From the line that holds "SM抽選会 WINTERトレカ" to the end of the records, reproduce every line exactly. No pictures.
Entries shown Block Start
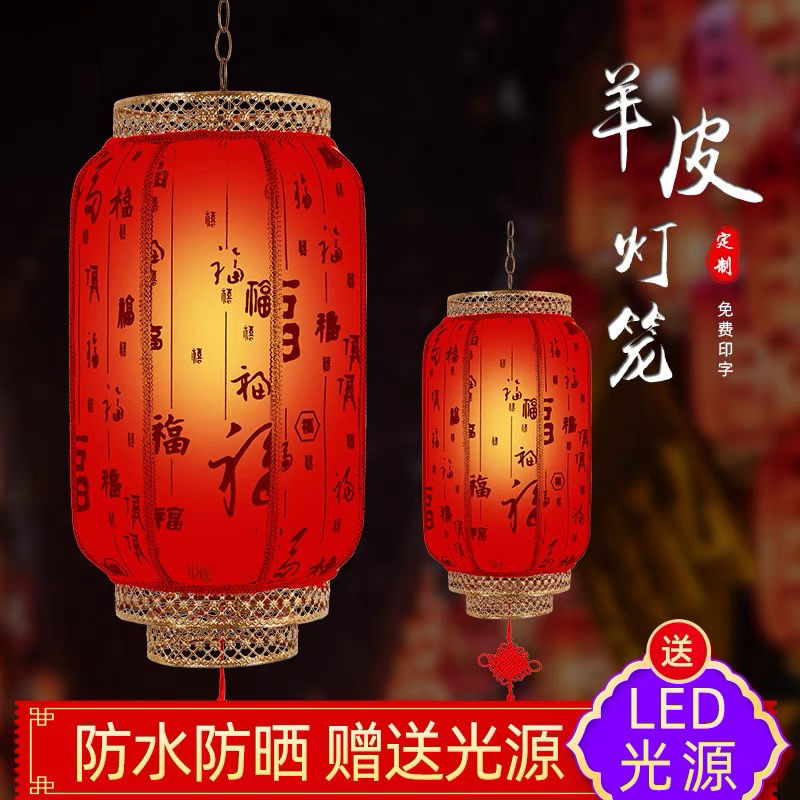 Sheepskin Lantern Outdoor Waterproof and Sun Protection Antique Imitation Chinese Style Chandelier Red Printing Restaurant Advertising Customization Wedding Decoration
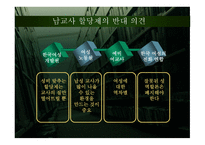 남교사 할당제 레포트-10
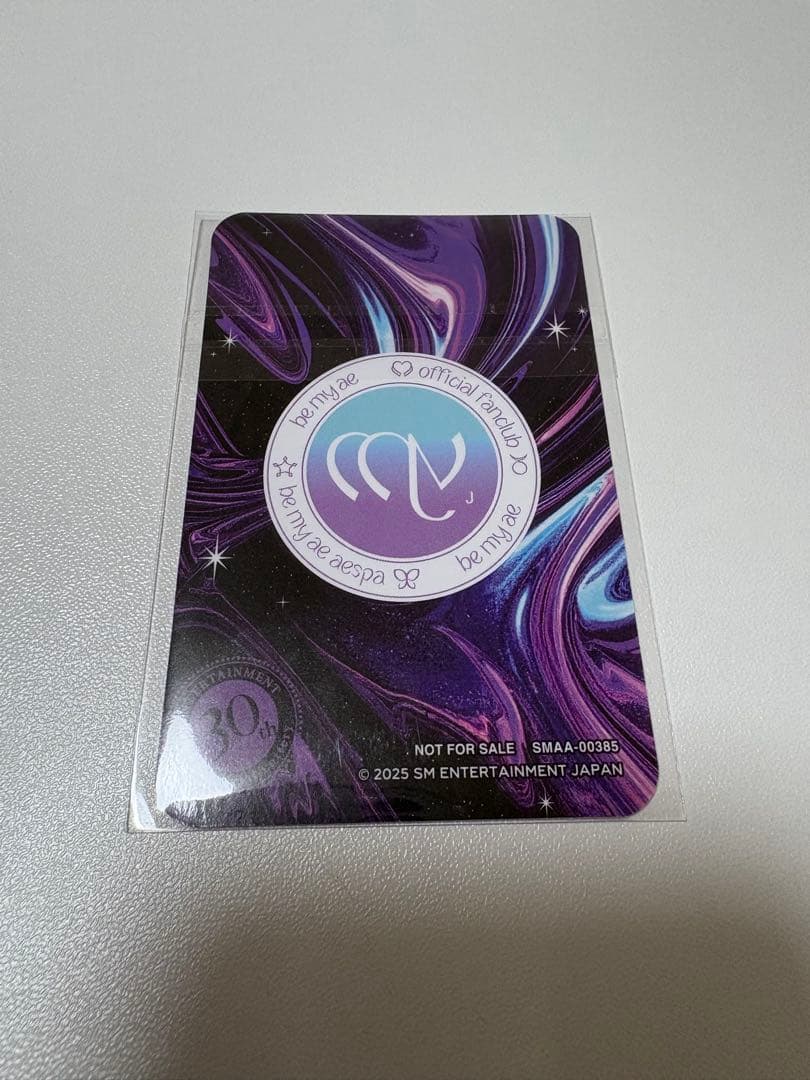 SM抽選会 WINTERトレカ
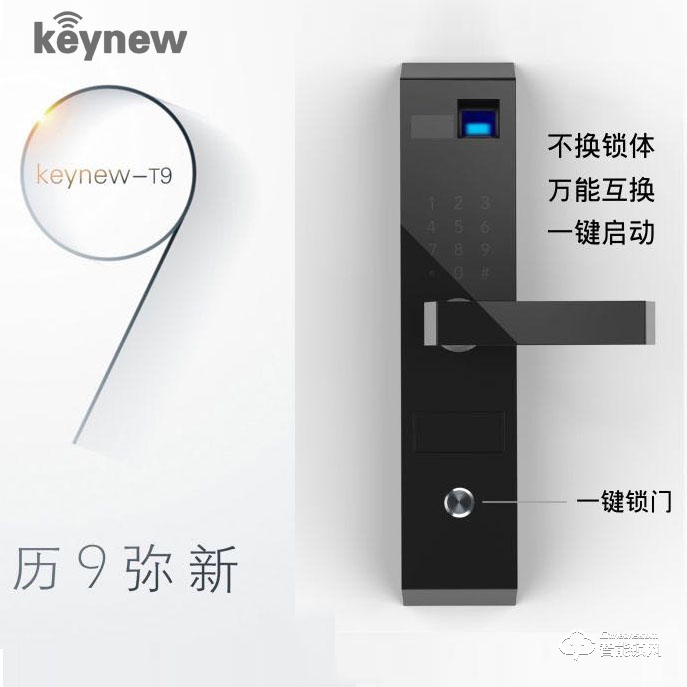 科技牛智能锁 T9全自动指纹锁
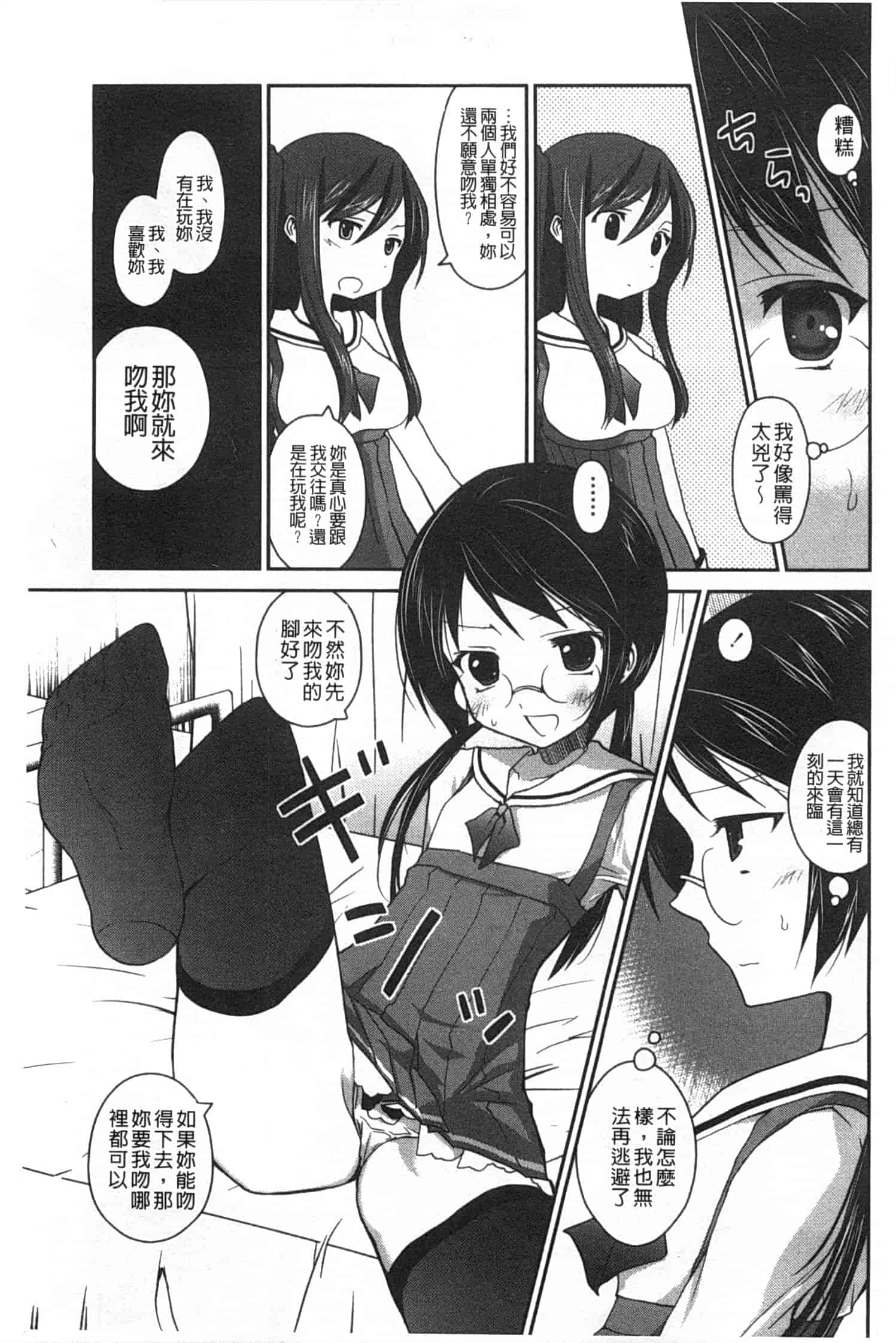 汉化版-(成年コミック) [天凪青磁] キスしてさわってもっとして [Chinese] [風與黑暗掃圖]_第6集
Entries shown Block End
__Output of the exercise__.
 SM抽選会 WINTERトレカ
 科技牛智能锁 T9全自动指纹锁
 汉化版-(成年コミック) [天凪青磁] キスしてさわってもっとして [Chinese] [風與黑暗掃圖]_第6集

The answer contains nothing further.